国立がん研究センター中央病院緩和医療科 小嶋リベカさん

 前回と正反対で、がんと診断された時点から、全てを幼い子どもたちに伝える両親もいます。

 30代の女性Dさんは6年前、血液がんの一種、悪性リンパ腫と診断されました。長男は6歳、長女は4歳、次男はまだ2歳でした。Dさんは病気にかかったことと、それを治す意志を家族に伝え、私に「隠し事をしたくない。家族の一大事をみんなで体験することがマイナスを残すはずがないと信じている。ほかの子どもがしない体験だからこそ、年齢なりの捉え方で実感してもらい、生きる力にしてほしい」と語りました。
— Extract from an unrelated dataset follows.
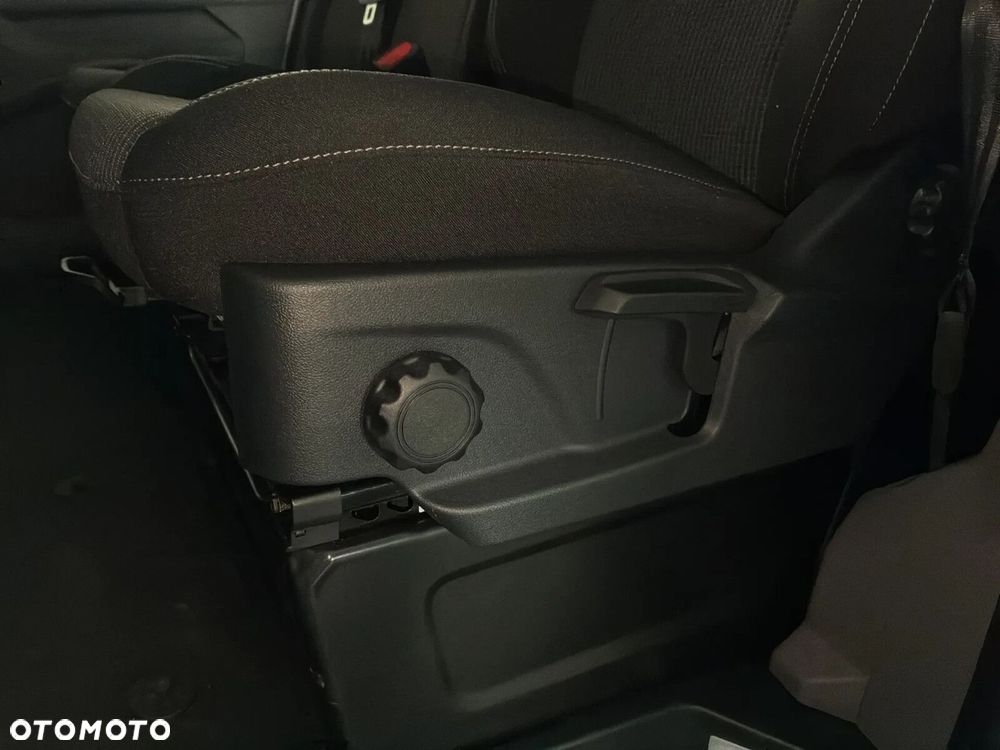 Volkswagen Transporter Furgon PLUS Panamericana/6-cio osob./AUTOMAT (L2) 2.0 TDI 170KM, r.o. 3500 mm - 35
 子どもに親のがんを伝える時、念頭に置きたい三つのポイントがあります。一つ目は、6歳以下の子どもは「私が悪い子だったから親が病気になった」「いい子にしていたら病気はよくなる」と考えがちです。だから「病気になったのは誰のせいでもない」と伝えることです。二つ目はタイミングを見計らい「がん」という言葉を使うこと。あいまいな言い方は、子どもを不安や混乱に陥れる恐れがあります。三つ目は「風邪のようにうつる病気ではない」と伝えることです。英語の頭文字から「3C」と呼びます。加えて、幼いなりに「親に協力できることがある」と伝えることも大切です。